● **WORK TO BE COMPLETED**
In the entries below, repeat only the lines between those holding "37 MURANO DR, Princeton Junction, NJ 08550" and "آمریکایی‌ها جعبه سیاه", inclusive. Leave pictures out.

● **RECORDS SUPPLIED**
────────
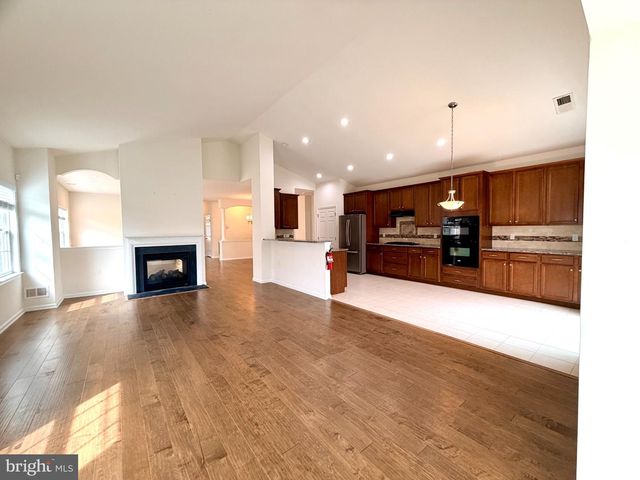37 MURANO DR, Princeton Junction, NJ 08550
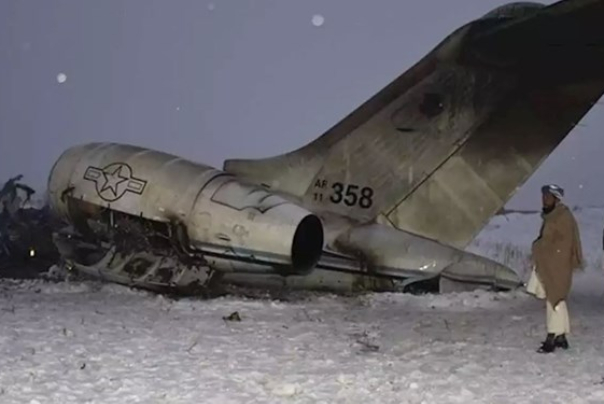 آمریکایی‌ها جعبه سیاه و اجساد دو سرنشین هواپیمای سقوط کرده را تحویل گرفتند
────────
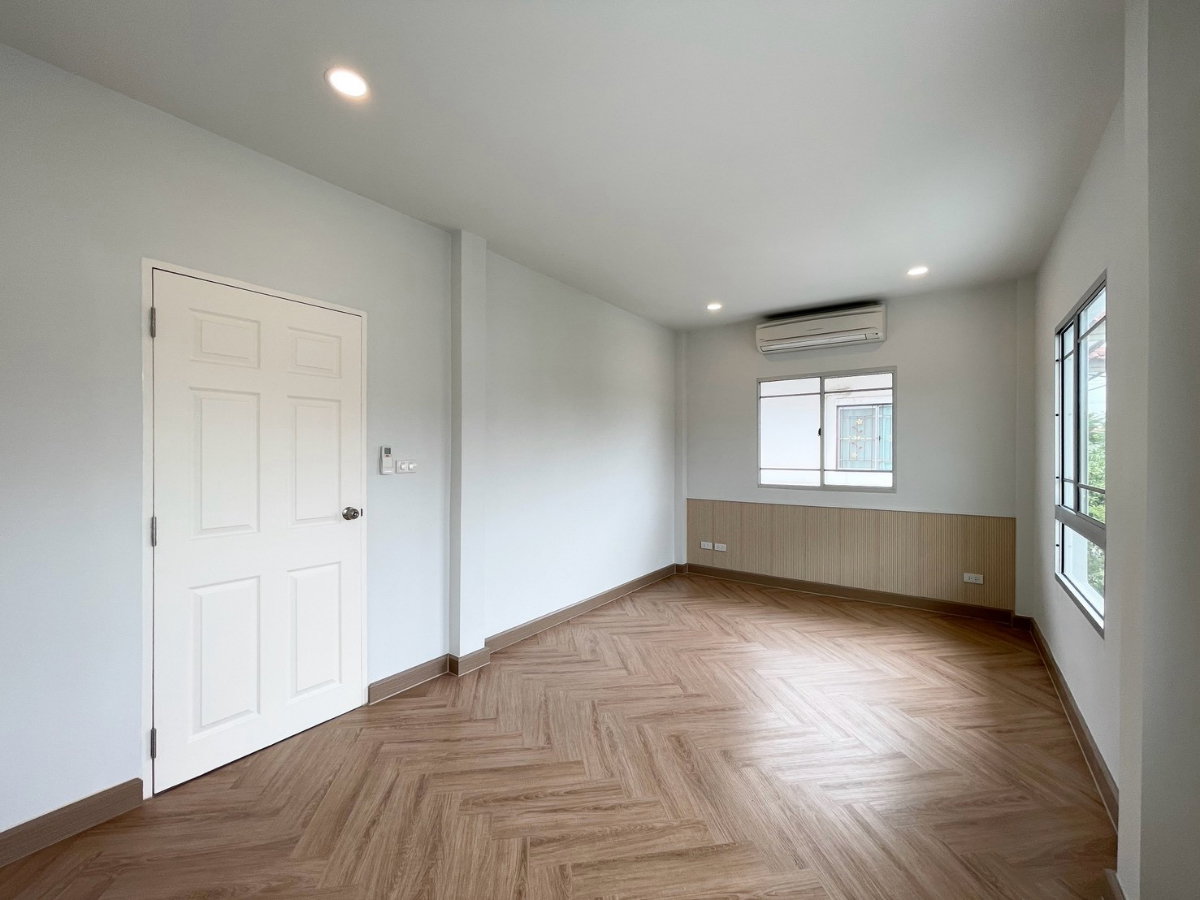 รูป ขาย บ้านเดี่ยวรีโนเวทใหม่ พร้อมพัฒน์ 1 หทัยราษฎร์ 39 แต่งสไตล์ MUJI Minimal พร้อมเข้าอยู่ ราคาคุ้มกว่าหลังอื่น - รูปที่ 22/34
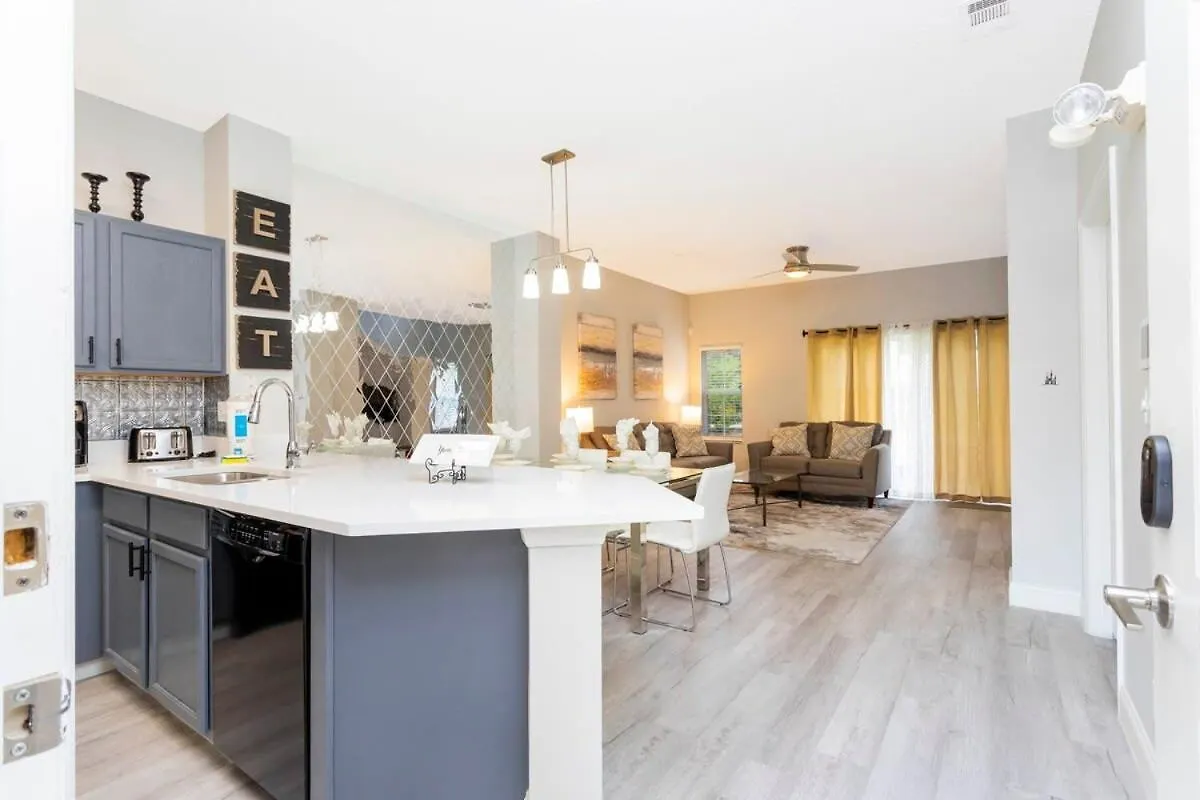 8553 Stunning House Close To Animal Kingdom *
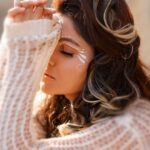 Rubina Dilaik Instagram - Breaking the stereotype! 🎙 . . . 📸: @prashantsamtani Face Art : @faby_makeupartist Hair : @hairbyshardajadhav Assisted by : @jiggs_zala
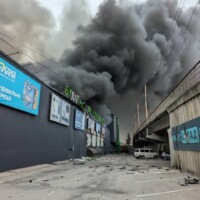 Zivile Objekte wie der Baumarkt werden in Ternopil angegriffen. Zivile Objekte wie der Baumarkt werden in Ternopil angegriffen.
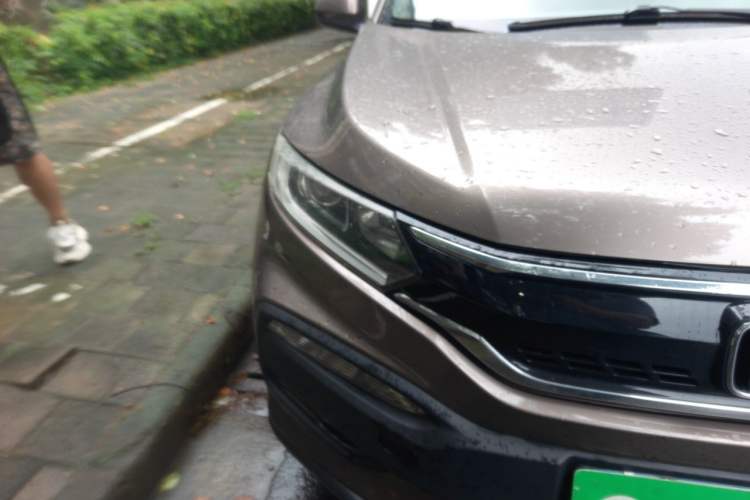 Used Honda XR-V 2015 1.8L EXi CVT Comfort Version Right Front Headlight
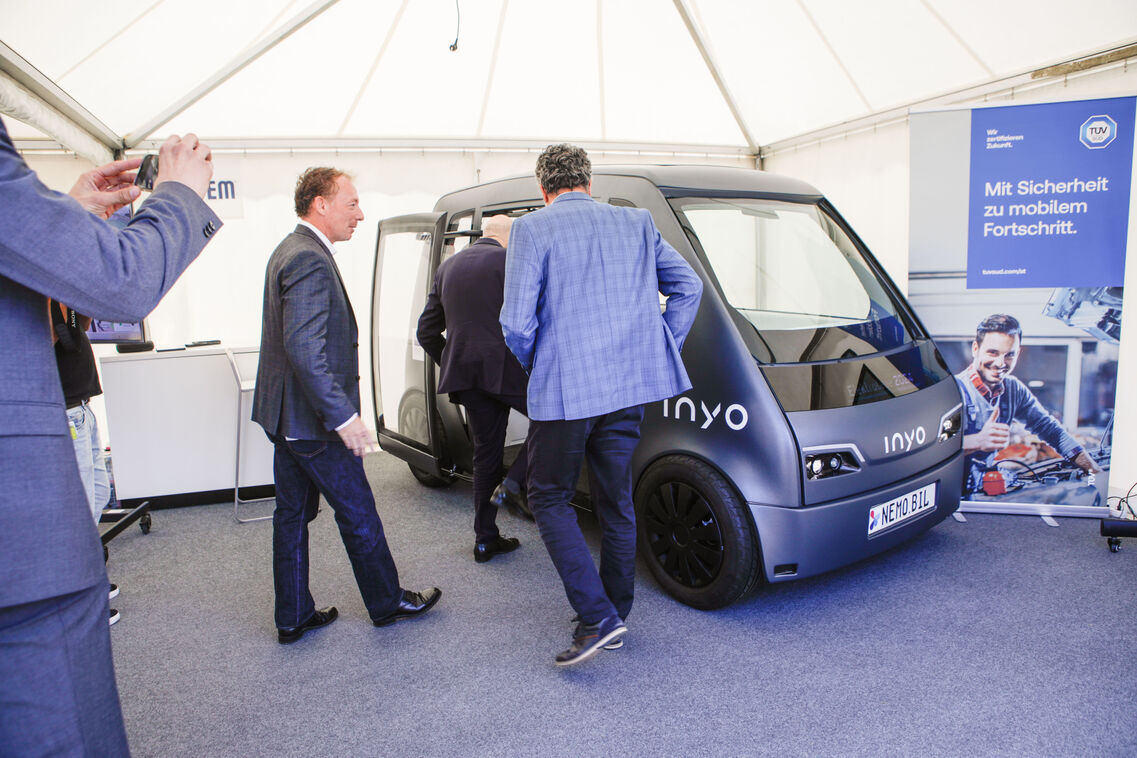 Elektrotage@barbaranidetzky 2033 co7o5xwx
────────
● **RESULT OF THE TASK**
37 MURANO DR, Princeton Junction, NJ 08550
 آمریکایی‌ها جعبه سیاه و اجساد دو سرنشین هواپیمای سقوط کرده را تحویل گرفتند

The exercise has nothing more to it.